Node + TypeScript 实战肺炎疫情实时动态数据爬虫

爬虫

来自维基百科：

爬虫，网络爬虫（英语：Web Crawler），也叫网络蜘蛛（Spider）。

通俗一点讲，就是一段自动化的代码，它会模拟人的行为，去浏览一些网站，然后把需要的、有价值的信息拿回来。

我们这篇文章的目标是把全国新冠肺炎疫情实时动态：https://ncov.dxy.cn/ncovh5/view/pneumonia 这个网页的信息爬取下来。

爬虫背后也有巨大的商业价值，比如：

百度：利用爬虫，每天放出无数爬虫到各个网站，把他们的信息抓回来，然后等着你搜索需要的信息；
抢票平台：我们授权自己的 12306 账号密码给抢票平台，它不断刷新 12306 网站的火车余票。一旦发现有票，就马上帮我们拍下来。

爬取的目标绝大多数情况下“要么是网页，要么是 App”，所以本文只介绍网页。

流行的网页架构

本文将其划分为了两种类别，即服务端渲染和客户端渲染，下面将介绍对于两种网页我们该怎么爬取。

服务端渲染

浏览的页面，是由服务器渲染后直接返回的，有效信息包含在请求的 HTML 页面里面，比如豆瓣电影 Top 250 这个站点。

我们打开网页，右键显示源代码，可以看到，里面有我们需要的电影名、评分、主演、导演等信息。

这就简单了，对于服务端渲染的页面，HTML 里面已经有我们需要的信息，我们只需要解析 HTML 即可。代码如下：

用 node 内置的 HTTPS 模块发出一个 GET 请求（因为我们在浏览器里面输入豆瓣的 URL 进行访问，也是 GET 请求），在数据响应结束事件，即 end 事件里，借助第三方的 cheerio 模块解析 HTML，之后我们就像使用 jQuery 一样，选中信息所在的 HTML 节点，组织数据即可。

function spiderMovie(index) {
  // 开始请求 豆瓣地址
  https.get('https://movie.douban.com/top250?start=' + index, function (res) {
    var pageSize = 25;
    var html = '';
    var movies = [];
    res.setEncoding('utf-8');
    res.on('data', function (chunk) {
      html += chunk;
    });
    res.on('end', function () {
      var $ = cheerio.load(html);
      $('.item').each(function () {
        // 限制 当前 item 下面的 .pic img
        var picUrl = $('.pic img', this).attr('src');
        var movie = {
          title: $('.title', this).text(),
          star: $('.info .star .rating\_num', this).text(),
          link: $('a', this).attr('href'),
          picUrl: picUrl
        };
        if (movie) {
          movies.push(movie);
        }
        downloadImg('./img/', movie.picUrl);
      });
      saveData('./data/movie-data' + (index / pageSize) + '.json', movies);
    });
  }).on('error', function (err) {
    console.log(err);
  });
}

在上面的代码中，我们已经获取数据，现在我们爬取的电影数据保存在本地为 JSON 文件，电影封面将其下载到本地。

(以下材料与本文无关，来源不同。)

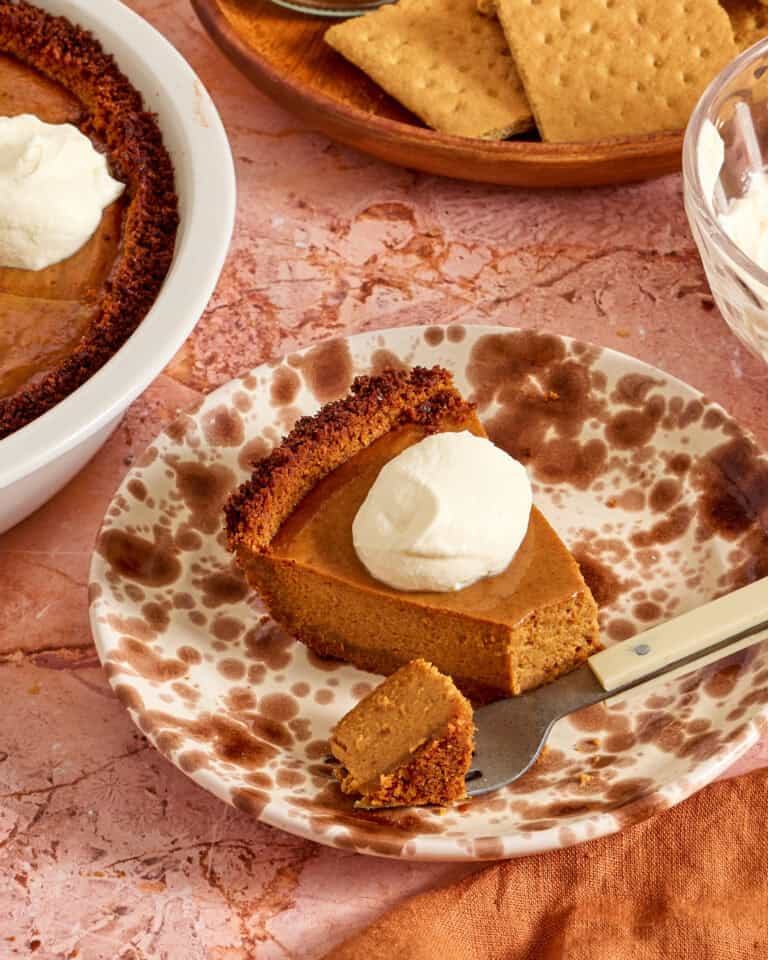 A slice of pumpkin pie with a graham cracker crust topped with whipped cream sits on a plate. A fork holds a small bite. In the background, the rest of the pie, more graham crackers, and a bowl of whipped cream are visible.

/\*\* \* 下载图片 @param { string } imgDir 存放图片的文件夹 @param { string } url 图片的URL地址 \*/
function downloadImg(imgDir, url) {
  // 先得到 流
  https.get(url, function (res) {
    res.pipe(fs.createWriteStream(imgDir + path.basename(url)))
  }).on('error', function (err) {
    console.log(err);
  });
}
/\*\* \* \* @param {\*} path path 保存数据的文件夹 \* @param {\*} movies 电影信息数组 \*/
function saveData(path, movies) {
  console.log(movies);
  fs.writeFile(path, JSON.stringify(movies, null, ' '), function (err) {
    if (err) {
      return console.log(err);
    }
    console.log('Data saved');
  });
}
spiderMovie(0);

大功告成。

客户端渲染

页面的主要内容由 JavaScript 渲染而成，和客户端渲染不同的就是，我们需要的信息不再是服务端返回在 HTML 里面，而是 JavaScript 生成。

比如现在我们有一个需求：

爬取本平台，即 gitbook-chat 所有 Chat 的前三页数据。

在使用中我们也有感受，打开 https://gitbook.cn/ 服务端返回的 Chat 数据，只有第一页的，后面两页的数据需要等我们滚动到底部才会加载的，那么后面两页的数据就属于需要 JavaScript 发出请求构造页面的，后面两页就属于客户端渲染。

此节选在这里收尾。